Sydney Zoo has modelled a low-cost way to measure how often visitors come by car and how long they stay, using vehicle registration plate snapshots captured by its car park security operator.
The zoo, which is based at Eastern Creek and opened at the end of 2019, runs a Microsoft-based data stack, comprising a managed SQL server instance, Azure Analytics Service, and PowerBI as the presentation layer.
Senior IT manager Ronan Alonzo told the iTnews Podcast that the zoo had a range of analytics and reporting needs, from pricing to finance and park usage.
The need to understand visitation patterns, in particular, drove Alonzo and the zoo’s “BI guru” Prashant Shetye to try to find a low-cost way to generate those insights.
The result is a licence plate analytics model, which is not only used to understand visitation patterns but also for special event planning.
“Our security provider records all of the cars coming in and out of the park,” Alonzo said.
“They have a feature with their product where they can take a snapshot of every single licence plate that comes in and out of the park.”
That data is fed into Azure Blob Storage, from where it is picked up and ingested into the analytics model.
“Essentially, those snapshots of licence plates that come in and out of the zoo are being stored in the blob. They have a file name, the licence number, and the timestamp of when they came in,” Alonzo said.
“That’s all we needed to produce a bunch of insights on dwell time, frequency, how many visits they’ve made at the zoo, when was their last visit.
“[For us] it’s about being smart with the data we have, leveraging that and working with vendors to keep costs low, and where, because we have this in-house resource [Shetye] to do all of the cool stuff, that’s an easy ‘low hanging fruit’ for me to do.”
Alonzo said that output from the model had also been used when planning for special events at the zoo, including GLOW, which is a light festival.

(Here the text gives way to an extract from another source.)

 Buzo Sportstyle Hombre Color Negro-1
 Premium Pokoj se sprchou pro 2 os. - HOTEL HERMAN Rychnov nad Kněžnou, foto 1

“There aren’t many light festivals in Western Sydney, so the zoo wanted to be one of the first to do it,” Alonzo said.
“The insights that we gained from that licence plate analytics was to help support the car park and give guests the best experience possible. If we were going to throw a few rides there, put in an ice skating rink, obviously, that’s going to reduce the car park space, which is going to create an impact with social media comments that we were going to get [about] wait times and people wanting car spaces”.
Alonzo – who founded the zoo’s IT team, and was employee number 34 – said the zoo had originally planned to deploy a large number of wi-fi access points throughout the park, both to provide internet services but also to collect some basic analytics from customers such as dwell time.
But as the zoo build progressed, it became clear that not all of its technology plans could be fulfilled prior to opening.
“We lost a big chunk of the original plan for what access points were to be laid around the zoo,” Alonzo said.
“We really wanted more to get that insight from customer journeys and dwell times but it ended up being, ‘Okay, how many do we need just to get internet out there?’”
Visitor analytics is not the only use case for data.
Alonzo said that after opening, it became clear that different functions within the park had different analytics and reporting requirements that weren’t being met.
Data was siloed between teams and systems, and so a decision was taken to stand up a business intelligence infrastructure and to hire Shetye, who was only the second employee in IT.
“The hunger for data and insights was fierce,” Alonzo recalled.
The most important dataset used by Sydney Zoo comes from its point-of-sale and ticketing system, which is powered by CustomLinc.
“In essence, we started sucking up all of the data from our POS system, which was the system that managed all of our admissions, our ticketing, our memberships, our food and beverage sales, our retail shop sales, and all of the forward bookings, etc,” Alonzo said.
With Power BI set up as the single source of truth, the zoo was able to meet its varied analysis and reporting requirements.
The setup has also been used to experiment with products and pricing, to understand how changes are received and how that impacts other parts of the zoo.
Alonzo said that Power BI had “become a monster, but a good monster at that.”
“It’s continually providing us with valuable insights to what we should be doing.”